| BRIEF |
Output the data unchanged and complete, minus the images.

| LISTED RECORDS |
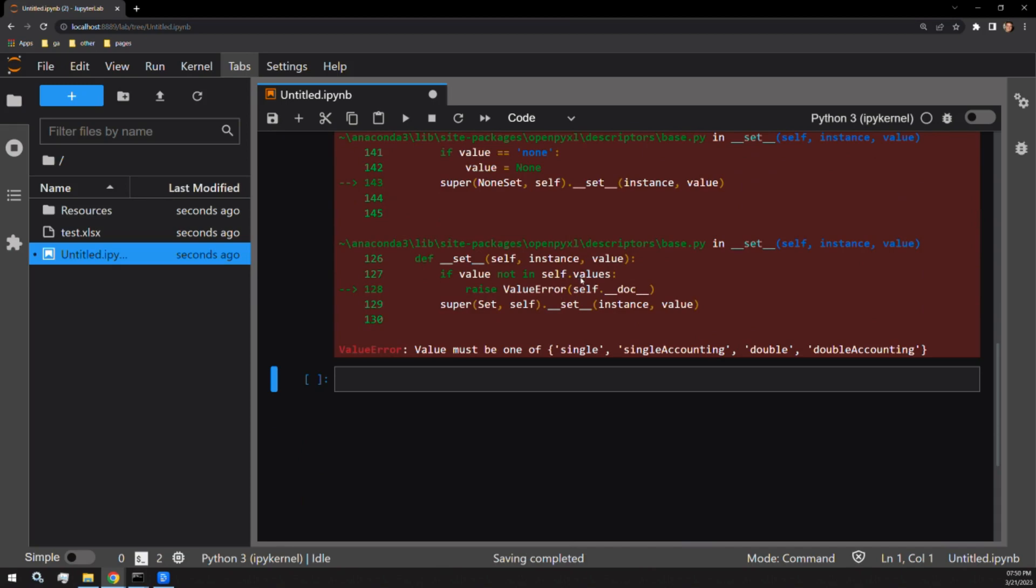The only value the argument U accepts are single, single accounting, double, and double accounting. These indicate the type of underline we want to use.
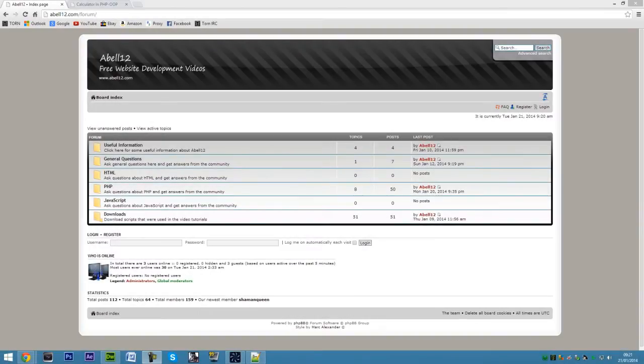Hi, I'm AshmiL12.com and in this video I'm going to show you how to make a simple calculator using object-oriented PHP.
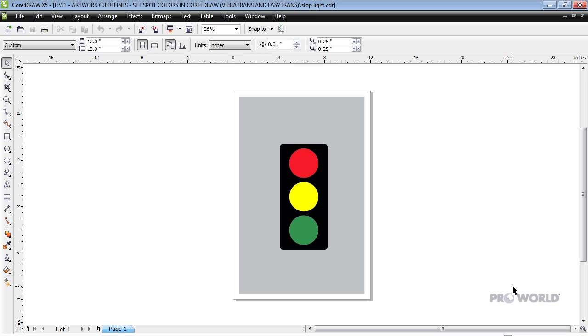Begin by downloading our CorelDRAW Art Guidelines Template at pwcustom.com. Open the template. You may either create your art directly in the template or copy and paste it from another file.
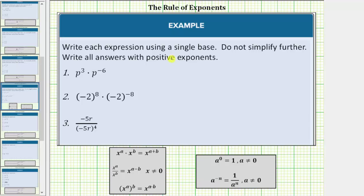We are asked to write each expression using a single base, do not simplify further, and write all answers with positive exponents. We will also assume all of the variables are non-zero.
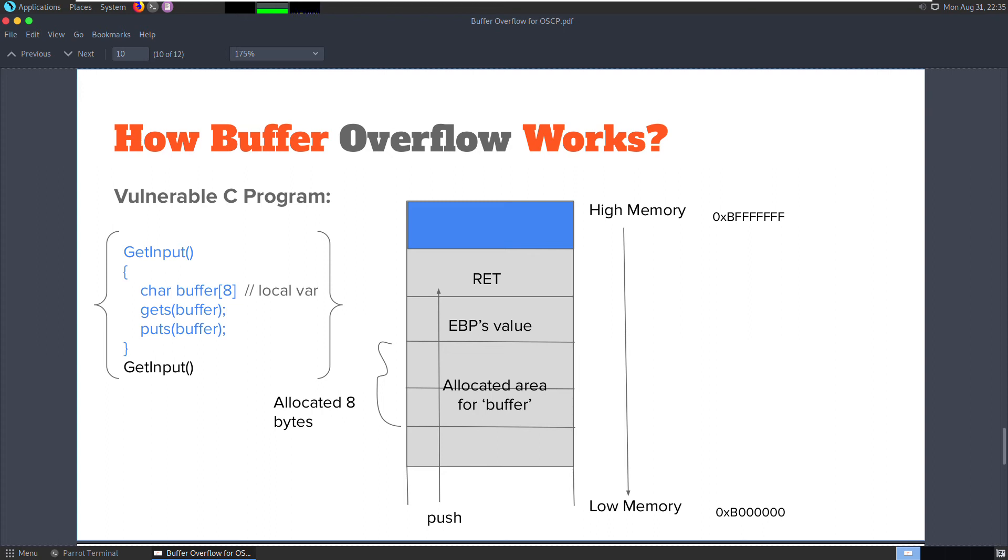The problem here is that the gets function does not check whether the size of the input is larger than the target buffer variable. When an input of 16 bytes, for example, which is greater than the size of the buffer is supplied, the gets function overwrites the EBP and ret blocks in the diagram and thus causes an overflow.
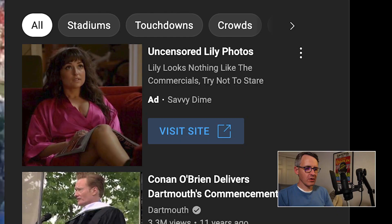Let's go straight to my screen. As you can see, this is an ad going around on YouTube. It says 'uncensored Lily photos — Lily looks nothing like the commercials, try not to stare.' Lily refers to Milana Vayntrub, the actor who plays Lily Adams in the AT&T commercials. These sorts of ads have been going around for quite a while on YouTube, and even longer online as display ads on websites.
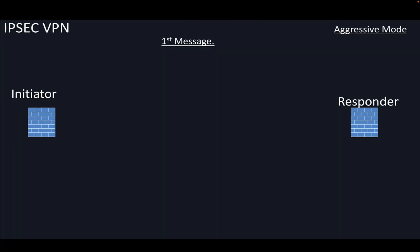This is Part 2 of IPsec VPN. In this part we will understand what aggressive mode is. In aggressive mode, three messages are exchanged — let's understand what those messages are.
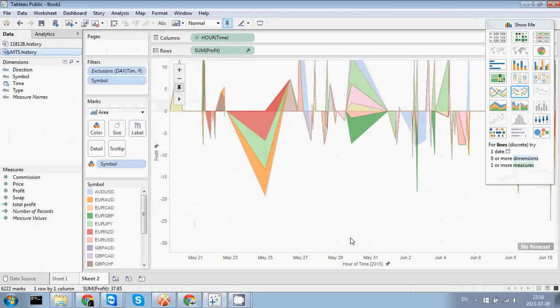Hi everyone, my name is Andrew Kramer, I'm a data scientist at AutoML. Today I'm going to show you how we can use Tableau for portfolio assessment.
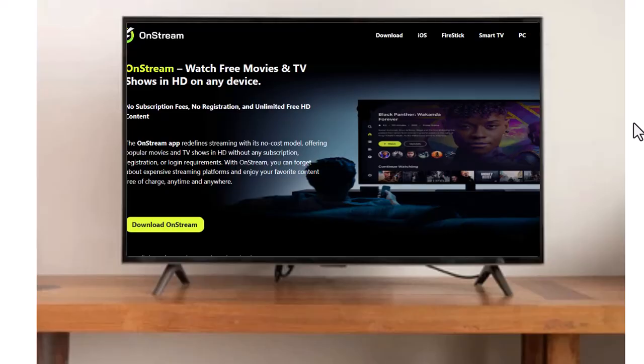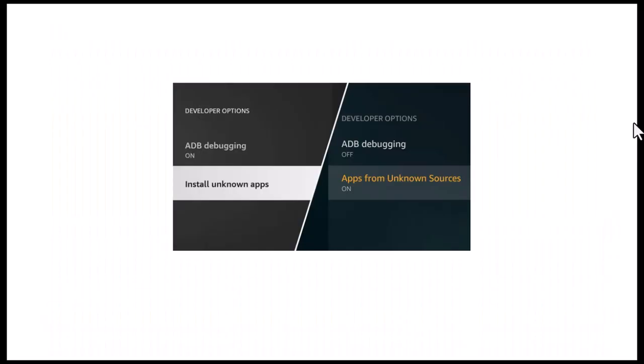Start by going to your Fire Stick home screen, then open Settings, navigate to My Fire TV, choose Developer Options, and turn on Apps from Unknown Sources as well as ADB Debugging. This step allows you to install apps outside the Amazon App Store.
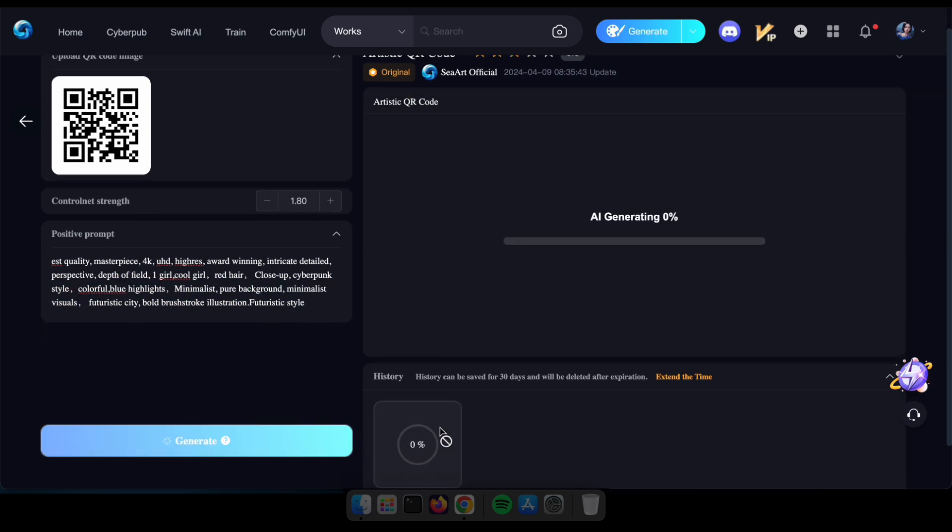Now just wait a few moments to witness your amazing QR code come to life. Once it's ready, feel free to use it on your business card or anywhere else you desire.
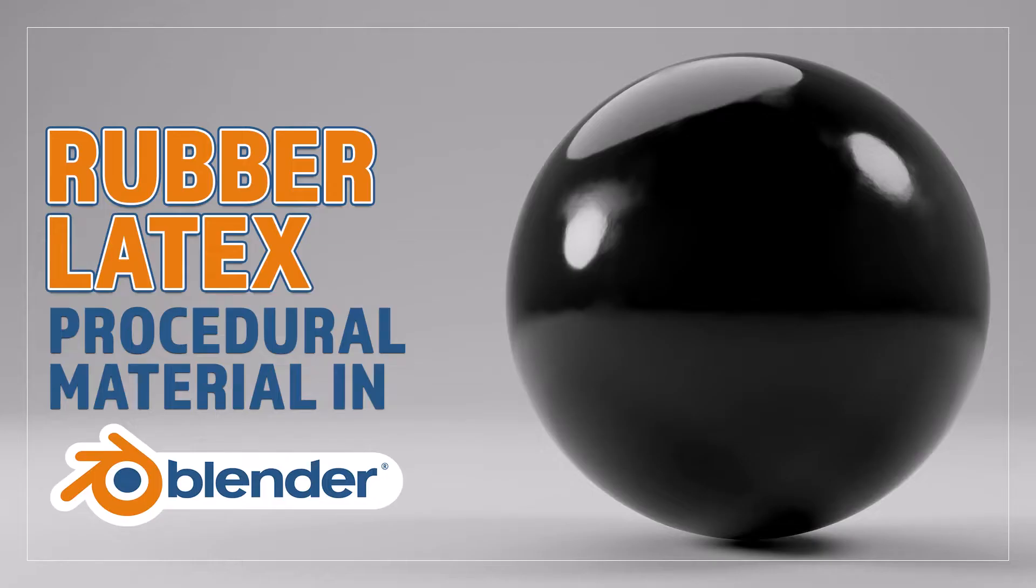Hello and welcome to Blender Bitesize. In this video I'll be showing you how to make this material procedurally in Blender.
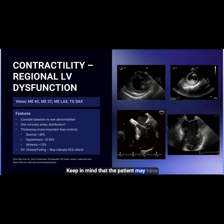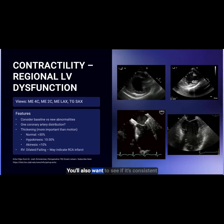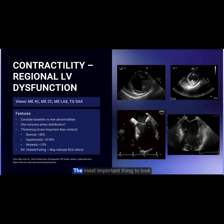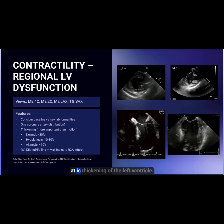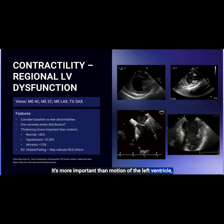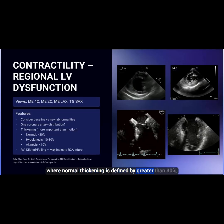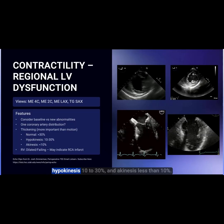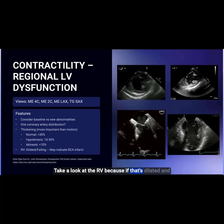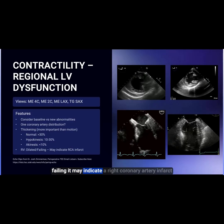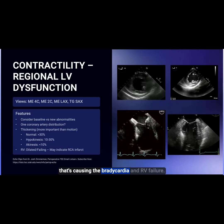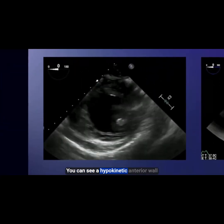Keep in mind that the patient may have already had baseline abnormalities. You'll also want to see if it's consistent with one coronary artery distribution. The most important thing to look at is thickening of the left ventricle — it's more important than motion. Normal thickening is defined as greater than 30%, hypokinesis 10% to 30%, and akinesis less than 10%. Take a look at the RV because if it's dilated and failing, it may indicate a right coronary artery infarct causing bradycardia and RV failure.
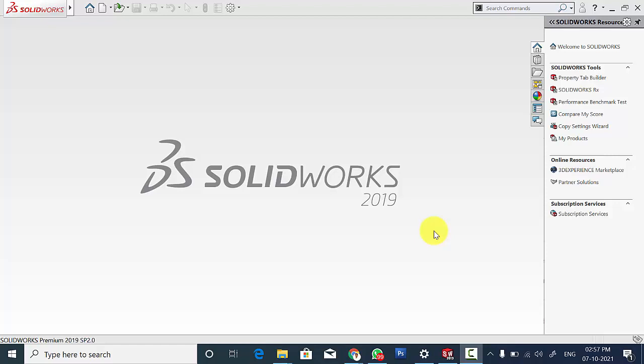Hello all, welcome to the SOLIDWORKS tutorials. In the previous video I have shown you how to model the parts of the screw jack. In this video I am going to show you how to assemble it.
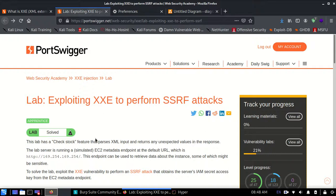Hello guys, so today we are going to solve this lab which is exploiting XXE to perform SSRF attacks. Let's get started.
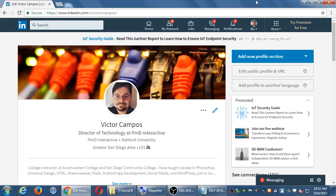Your LinkedIn profile is going to be determined by how you fill it in based on your goals. Let's take a general look at the different screens first to get acclimated, and then we will look at specific aspects of LinkedIn.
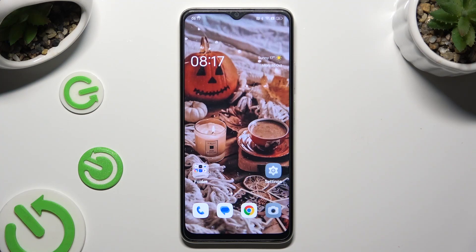Hi! In front of me is the OPPO A18 and today I would like to show you how you can add emergency contacts.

| RESULT |
The only value the argument U accepts are single, single accounting, double, and double accounting. These indicate the type of underline we want to use.
Hi, I'm AshmiL12.com and in this video I'm going to show you how to make a simple calculator using object-oriented PHP.
Begin by downloading our CorelDRAW Art Guidelines Template at pwcustom.com. Open the template. You may either create your art directly in the template or copy and paste it from another file.
We are asked to write each expression using a single base, do not simplify further, and write all answers with positive exponents. We will also assume all of the variables are non-zero.
The problem here is that the gets function does not check whether the size of the input is larger than the target buffer variable. When an input of 16 bytes, for example, which is greater than the size of the buffer is supplied, the gets function overwrites the EBP and ret blocks in the diagram and thus causes an overflow.
Let's go straight to my screen. As you can see, this is an ad going around on YouTube. It says 'uncensored Lily photos — Lily looks nothing like the commercials, try not to stare.' Lily refers to Milana Vayntrub, the actor who plays Lily Adams in the AT&T commercials. These sorts of ads have been going around for quite a while on YouTube, and even longer online as display ads on websites.
This is Part 2 of IPsec VPN. In this part we will understand what aggressive mode is. In aggressive mode, three messages are exchanged — let's understand what those messages are.
Hi everyone, my name is Andrew Kramer, I'm a data scientist at AutoML. Today I'm going to show you how we can use Tableau for portfolio assessment.
Start by going to your Fire Stick home screen, then open Settings, navigate to My Fire TV, choose Developer Options, and turn on Apps from Unknown Sources as well as ADB Debugging. This step allows you to install apps outside the Amazon App Store.
Now just wait a few moments to witness your amazing QR code come to life. Once it's ready, feel free to use it on your business card or anywhere else you desire.
Hello and welcome to Blender Bitesize. In this video I'll be showing you how to make this material procedurally in Blender.
Keep in mind that the patient may have already had baseline abnormalities. You'll also want to see if it's consistent with one coronary artery distribution. The most important thing to look at is thickening of the left ventricle — it's more important than motion. Normal thickening is defined as greater than 30%, hypokinesis 10% to 30%, and akinesis less than 10%. Take a look at the RV because if it's dilated and failing, it may indicate a right coronary artery infarct causing bradycardia and RV failure.
Hello all, welcome to the SOLIDWORKS tutorials. In the previous video I have shown you how to model the parts of the screw jack. In this video I am going to show you how to assemble it.
Hello guys, so today we are going to solve this lab which is exploiting XXE to perform SSRF attacks. Let's get started.
Your LinkedIn profile is going to be determined by how you fill it in based on your goals. Let's take a general look at the different screens first to get acclimated, and then we will look at specific aspects of LinkedIn.
Hi! In front of me is the OPPO A18 and today I would like to show you how you can add emergency contacts.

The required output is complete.